The delivery of a professional service is absolutely nothing more than the delivery of you or me. The only thing Realtors, financial service professionals, accountants, lawyers, and everybody else who delivers a service are truly delivering are themselves. When a business hires me to come in and help their company, the only thing they get is me. When the famous trial attorney Johnny Cochran is hired to represent a client, the only thing they get is Johnny. When your customer hires you as an accountant, Realtor, or insurance agent, all they get is you. You may not be the product or the results, but you are the differentiator.

The Internet makes everything available to everyone. An entire town was sold on the auction site eBay. The marketplace is loaded with choices.

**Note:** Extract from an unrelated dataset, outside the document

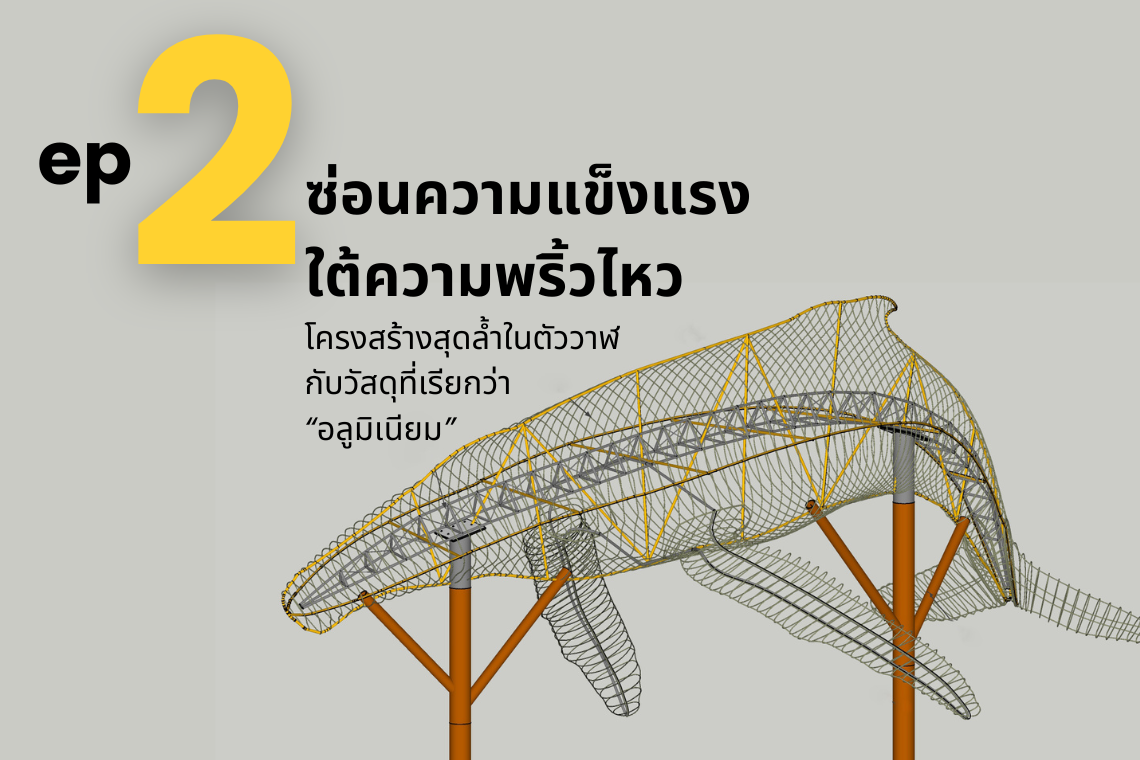 Ep.2 ซ่อนความแข็งแรงใต้ความพลิ้วไหว โครงสร้างสุดล้ำในตัววาฬกับวัสดุที่เรียกว่า อลูมิเนียม Ep.2 ซ่อนความแข็งแรงใต้ความพลิ้วไหว โครงสร้างสุดล้ำในตัววาฬกับวัสดุที่เรียกว่า อลูมิเนียม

Question: What's the difference between buying from the local purveyor or from someone across the country? (Your purchase will be delivered to your door.)

Answer: You and I are the difference.

As a child, do you remember hearing that every snowflake is different? Snowflakes aren't very complicated. If every snowflake is different, imagine how different each of us are. A snowflake may only live till it hits the ground—we don't even begin to develop our differences until we hit the ground.

The human condition is such that each of us is unique. The subtle and not so subtle differences in each of our skills, personalities, and experiences make each one of us unique beings. No one else is just like me and no one else is just like you. Using these differences constructively in our interactions with internal and external customers is the basis for creating loyalty through differentiation.

There are only 12 different notes in the chromatic scale; however, the application of these notes has produced an endless variety of songs for all of us to enjoy. My junior high school English teacher pointed out that there are only seven basic story plots, yet the variation on these few basic plots have entertained the world since the beginning of mankind. Inside each of us is a treasure chest of differences that are available in our expression of commerce in general and dealing with our customers in specific.

Subtle differences aside, consider everyone involved in commerce to be either a worker or a manager. In the language of the law profession, lawyers are either grinders or finders. Grinders are those lawyers who do the actual legal work whether it is writing documents or appearing in court. Finders are those lawyers who bring new clients into the firm. In this simple model of commerce, I am suggesting people either manage workers (their internal customers) or they meet with external customers.

A manager's job description is much like that of an athletic coach. The coach's job consists of:

  1. Teaching the basics every day.

  2. Clearing the path of obstacles.

  3. Offering encouragement.

Managers are charged with these same tasks. The greatest athletes, musicians, magicians, artists, and artisans practice every day. Practice reinforces the basics for great basketball players such as Shaquille O'Neal and great musicians such as cellist Yo-Yo Ma. Great managers teach the basics every day. Nobody who wants to excel is exempt from reviewing the basics every day.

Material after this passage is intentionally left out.